Admittedly, on that day the temperature in Kabul was just above
freezing, but not at the Pentagon, where arms sales to Afghanistan evidently create a lot of heat.
As Wieranga went on to write, the Obama administration's new
2010/2011 budget allocates $6 billion in weaponry for Afghan Security
Forces. The Afghans will actually get those weapons for free,
but U.S. weapons makers will make real money delivering them at
taxpayers' expense and, as the Vice Admiral pointed out, that "means
there is a staggering amount of acquisition work to do."
It's not just Afghanistan that's now in the torrid zone. Weapons sales all over the world will be smoking in 2010 and beyond.
The year began with a bang when Wieranga's Agency announced that the Obama administration had decided to sell a nifty $6 billion
in weapons to Taiwan. Even as the United States leans heavily on China
for debt servicing, Washington is giving the Mainland a big raspberry
by offering the island of 22 million off its coast (which Washington
does not formally recognize as an independent nation), a lethal
cocktail of weaponry that includes $3 billion in Black Hawk
helicopters. This deal comes on top of more than $11 billion in U.S.
weapons exports to Taiwan over the last decade, and is certain to set
Chinese-U.S. relations back a step or two.
Other bonanzas on the horizon? Brazil wants new fighter planes and Boeing is battling
a French company for the contract in a deal that could be worth a
whopping $7 billion. India, once a major arms buyer from the Soviet
Union, is now another big buy-American customer,
with Boeing and Lockheed Martin vying to equip its air force with new
fighter planes in deals that Boeing estimates may reach $11 billion.

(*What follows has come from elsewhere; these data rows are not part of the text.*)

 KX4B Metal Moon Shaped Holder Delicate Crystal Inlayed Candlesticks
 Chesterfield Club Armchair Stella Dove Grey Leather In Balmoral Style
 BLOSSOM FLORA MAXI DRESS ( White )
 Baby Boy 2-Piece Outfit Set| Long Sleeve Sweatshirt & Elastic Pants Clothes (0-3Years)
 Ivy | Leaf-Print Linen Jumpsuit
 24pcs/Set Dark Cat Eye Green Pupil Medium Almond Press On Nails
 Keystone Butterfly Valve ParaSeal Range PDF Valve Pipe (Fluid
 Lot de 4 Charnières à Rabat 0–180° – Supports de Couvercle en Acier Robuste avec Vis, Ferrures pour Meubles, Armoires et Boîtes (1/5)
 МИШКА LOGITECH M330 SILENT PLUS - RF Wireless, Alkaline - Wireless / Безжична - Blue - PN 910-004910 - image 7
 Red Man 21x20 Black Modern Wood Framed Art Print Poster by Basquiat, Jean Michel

Such deals are staggering. They contribute more bang and blast to a
world already bristling with particularly lethal weaponry. They are a
striking American success story in a time filled with failures. Put in
the lurid but everyday terms of a nation weaned on reality television,
the Pentagon is pimping for the U.S. weapons industry. The weapons
industry, for its part, is a pusher for every kind of lethal
technology. The two of them together are working to ensure that more
of the same will flow out of the U.S. in ever easier and more lucrative
ways.
Global arms trade? Send that one back to the Department of
Euphemisms. Pimps and pushers with a lucrative global monopoly on a
killing drug -- maybe that's the language we need. And maybe, just
maybe, it's time to launch a "war on weapons."